SEXTO.- La consecuencia de todo ello es la estimación del recurso de apelación y la consiguiente revocación de la resolución apelada, para, en su lugar, desestimar la demanda interpuesta por don Clemente , pronunciamiento que conlleva en materia de costas procesales, las siguientes consecuencias: a) la revocación del pronunciamiento que sobre las costas procesales causadas en la primera instancia se contiene en la sentencia apelada, pues, al amparo del artículo 394.1 LEC , deberán ser impuestas a la parte actora; y, b) al amparo del artículo 398.2 LEC , no procede condenar a ninguna de las partes litigantes al pago de las costas procesales causadas en esta alzada.
Asimismo y de conformidad con los dispuesto en la Disposición Adicional Decimoquinta de la Ley Orgánica del Poder Judicial introducida por la LO 1/2009 de 3 de noviembre, en su apartado 8, se decreta la devolución a la parte apelante del depósito constituido para recurrir.
Fallo
1º) SE ESTIMA EL RECURSO DE APELACION interpuesto por la entidad 'RESTAURACIONS JOSAMAR SL', representada en esta alzada por la procuradora Sra. Iniesta, contra la sentencia de 12 de enero de 2012 , dictada por la Ilma. Sra. Magistrada Juez del Juzgado de Primera Instancia nº 5 de Palma de Mallorca, en el procedimiento de juicio ordinario del que trae causa la presente alzada, y, en consecuencia, DEBEMOS REVOCAR Y REVOCAMOS dicha resolución, y, en su lugar:
SE DESESTIMA la demanda interpuesta por don Clemente , representado por la procuradora Sra. Juliá, contra la entidad 'RESTAURACIONS JOSAMAR SL, representada por la procuradora Sra. Iniesta, absolviendo a dicha demandada de las pretensiones deducidas en su contra, imponiendo a la parte actora las costas procesales causadas.

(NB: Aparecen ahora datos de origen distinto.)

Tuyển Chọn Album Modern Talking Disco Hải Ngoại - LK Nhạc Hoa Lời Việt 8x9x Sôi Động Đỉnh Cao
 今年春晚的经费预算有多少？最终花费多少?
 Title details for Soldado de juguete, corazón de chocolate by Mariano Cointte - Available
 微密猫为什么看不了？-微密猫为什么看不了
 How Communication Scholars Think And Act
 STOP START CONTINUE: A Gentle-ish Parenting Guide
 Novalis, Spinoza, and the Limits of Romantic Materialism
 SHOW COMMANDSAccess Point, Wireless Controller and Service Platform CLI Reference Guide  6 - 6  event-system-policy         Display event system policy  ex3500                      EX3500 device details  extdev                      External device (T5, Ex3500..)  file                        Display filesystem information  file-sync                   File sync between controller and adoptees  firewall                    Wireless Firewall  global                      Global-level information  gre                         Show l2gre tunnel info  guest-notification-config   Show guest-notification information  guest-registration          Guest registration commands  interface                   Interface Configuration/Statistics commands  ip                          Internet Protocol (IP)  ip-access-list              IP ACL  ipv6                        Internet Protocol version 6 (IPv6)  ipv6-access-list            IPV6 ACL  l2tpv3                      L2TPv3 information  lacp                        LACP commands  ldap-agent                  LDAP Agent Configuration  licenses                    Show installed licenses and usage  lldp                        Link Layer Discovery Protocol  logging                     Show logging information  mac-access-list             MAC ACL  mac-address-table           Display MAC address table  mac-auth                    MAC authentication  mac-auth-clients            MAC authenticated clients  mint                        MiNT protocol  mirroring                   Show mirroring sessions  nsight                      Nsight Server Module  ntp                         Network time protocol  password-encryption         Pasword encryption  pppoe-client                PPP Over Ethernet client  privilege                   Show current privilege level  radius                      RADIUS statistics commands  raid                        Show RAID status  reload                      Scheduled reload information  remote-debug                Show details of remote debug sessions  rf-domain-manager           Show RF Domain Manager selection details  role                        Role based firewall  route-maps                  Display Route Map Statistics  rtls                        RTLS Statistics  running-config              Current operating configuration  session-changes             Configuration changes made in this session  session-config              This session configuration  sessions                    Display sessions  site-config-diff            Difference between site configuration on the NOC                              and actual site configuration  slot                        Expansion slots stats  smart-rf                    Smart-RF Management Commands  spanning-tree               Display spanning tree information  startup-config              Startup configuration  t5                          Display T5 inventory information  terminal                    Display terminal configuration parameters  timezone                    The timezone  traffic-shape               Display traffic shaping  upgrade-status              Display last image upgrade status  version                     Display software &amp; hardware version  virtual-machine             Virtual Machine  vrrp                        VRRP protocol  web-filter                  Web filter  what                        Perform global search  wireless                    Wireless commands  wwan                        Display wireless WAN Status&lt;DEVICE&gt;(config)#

2º) Sin expresa imposición de las costas procesales causadas en esta alzada a ninguna de las partes litigantes.
3º) Se decreta la devolución a la parte apelante del depósito constituido para recurrir.
Así, por esta nuestra sentencia, definitivamente juzgando en esta alzada, lo pronunciamos, mandamos y firmamos.
PUBLICACION.- Dada y pronunciada fue la anterior Sentencia por los Ilmos. Sres. Magistrados que la firman y leída por el Ilmo. Magistrado Ponente en el mismo día de su fecha, de lo que yo la Secretario certifico.